§ **Your objective**
Go to the line holding "Funny Retirement Design" in the data below and repeat it exactly, then each line after it up to and including the one holding "drawstring bag printed". Omit pictures.

§ **Stored data**
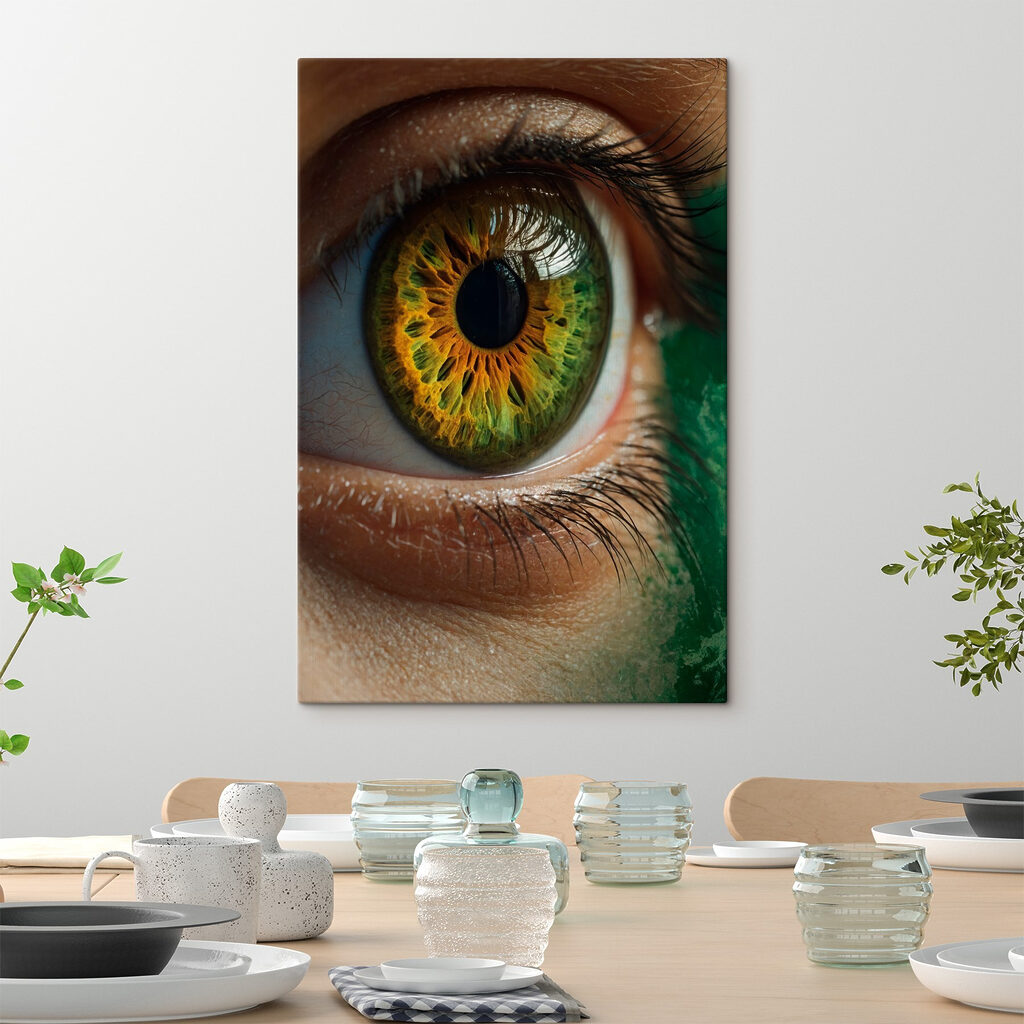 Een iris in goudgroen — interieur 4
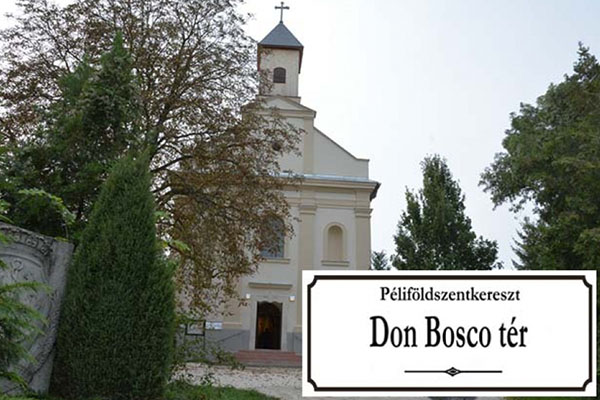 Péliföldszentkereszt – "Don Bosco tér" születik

...

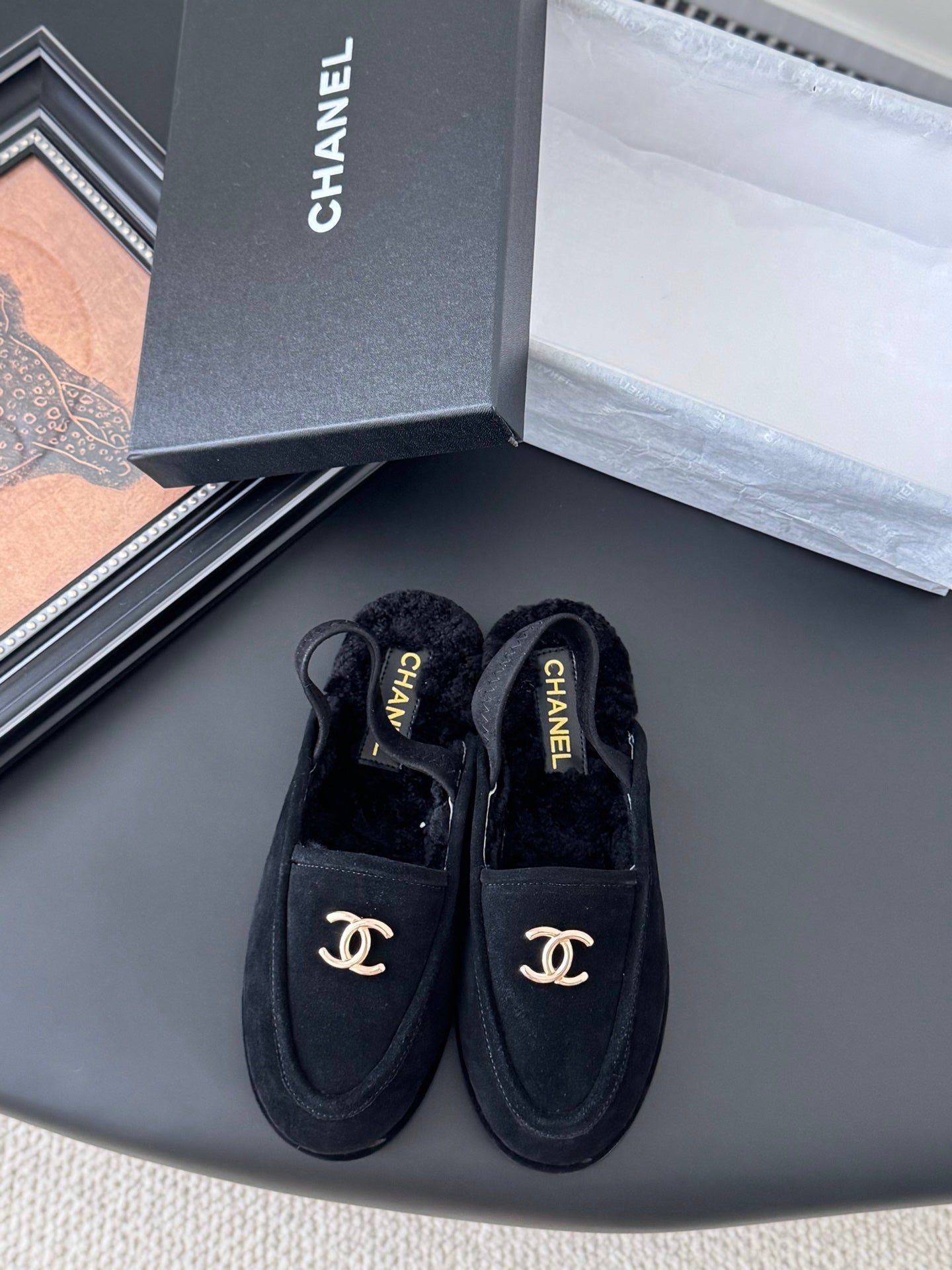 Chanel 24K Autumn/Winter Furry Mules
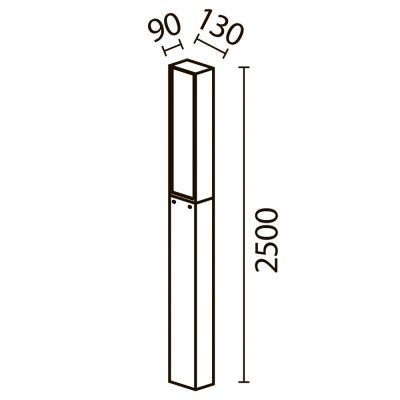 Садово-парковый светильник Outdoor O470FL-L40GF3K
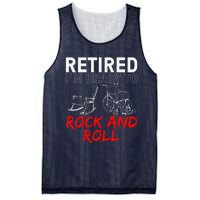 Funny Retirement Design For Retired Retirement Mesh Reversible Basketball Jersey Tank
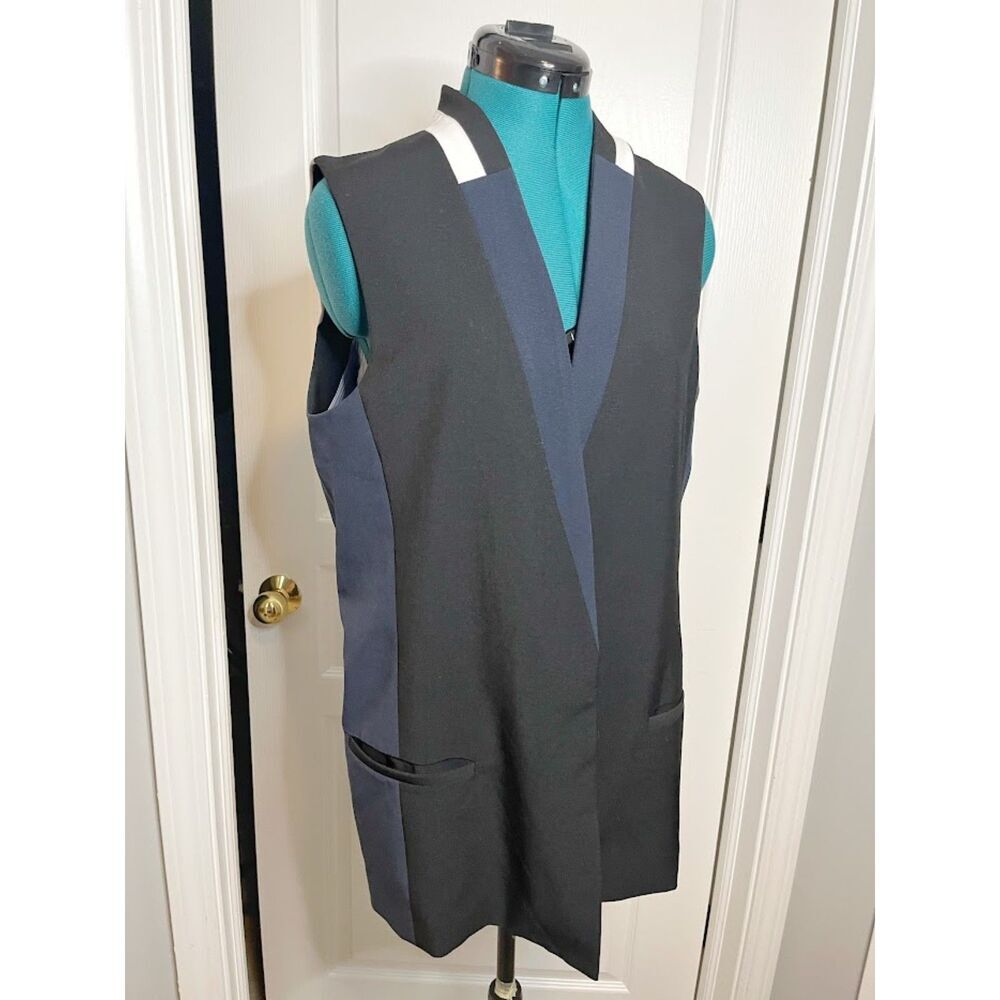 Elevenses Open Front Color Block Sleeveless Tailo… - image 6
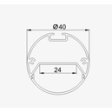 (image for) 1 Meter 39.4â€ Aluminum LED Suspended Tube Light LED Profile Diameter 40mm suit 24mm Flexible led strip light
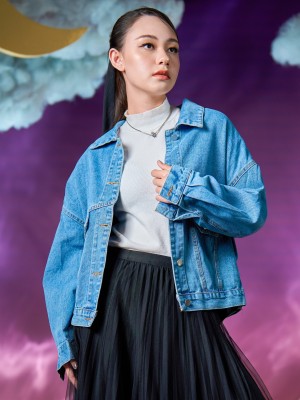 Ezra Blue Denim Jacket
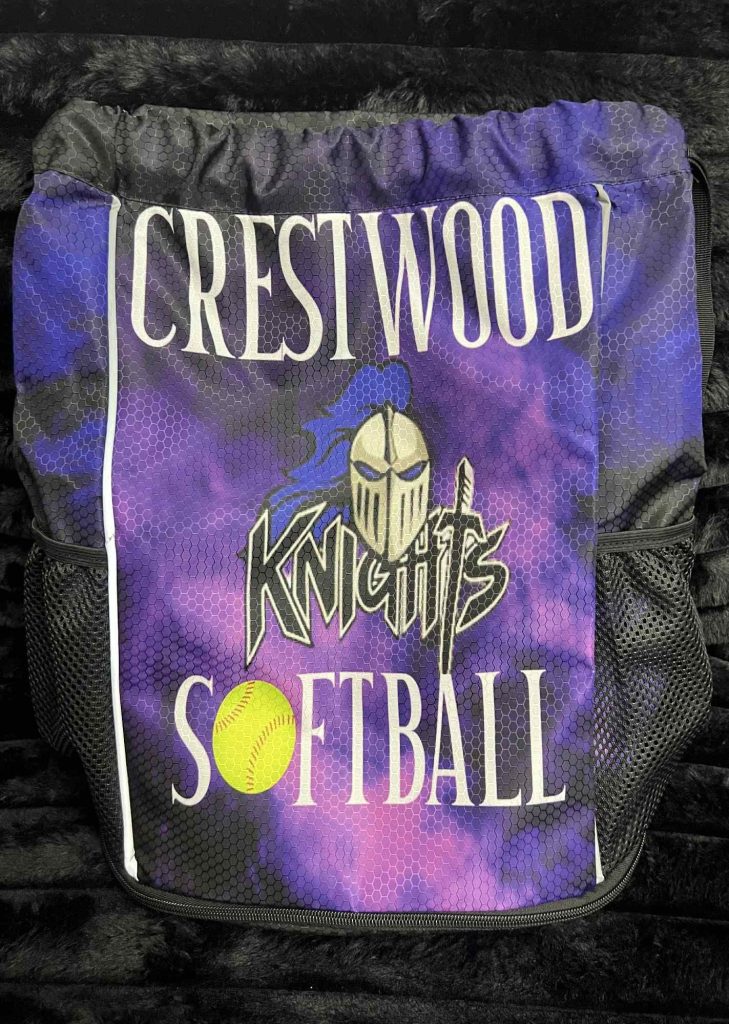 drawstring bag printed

§ **Reply**
 Funny Retirement Design For Retired Retirement Mesh Reversible Basketball Jersey Tank
 Elevenses Open Front Color Block Sleeveless Tailo… - image 6
 (image for) 1 Meter 39.4â€ Aluminum LED Suspended Tube Light LED Profile Diameter 40mm suit 24mm Flexible led strip light
 Ezra Blue Denim Jacket
 drawstring bag printed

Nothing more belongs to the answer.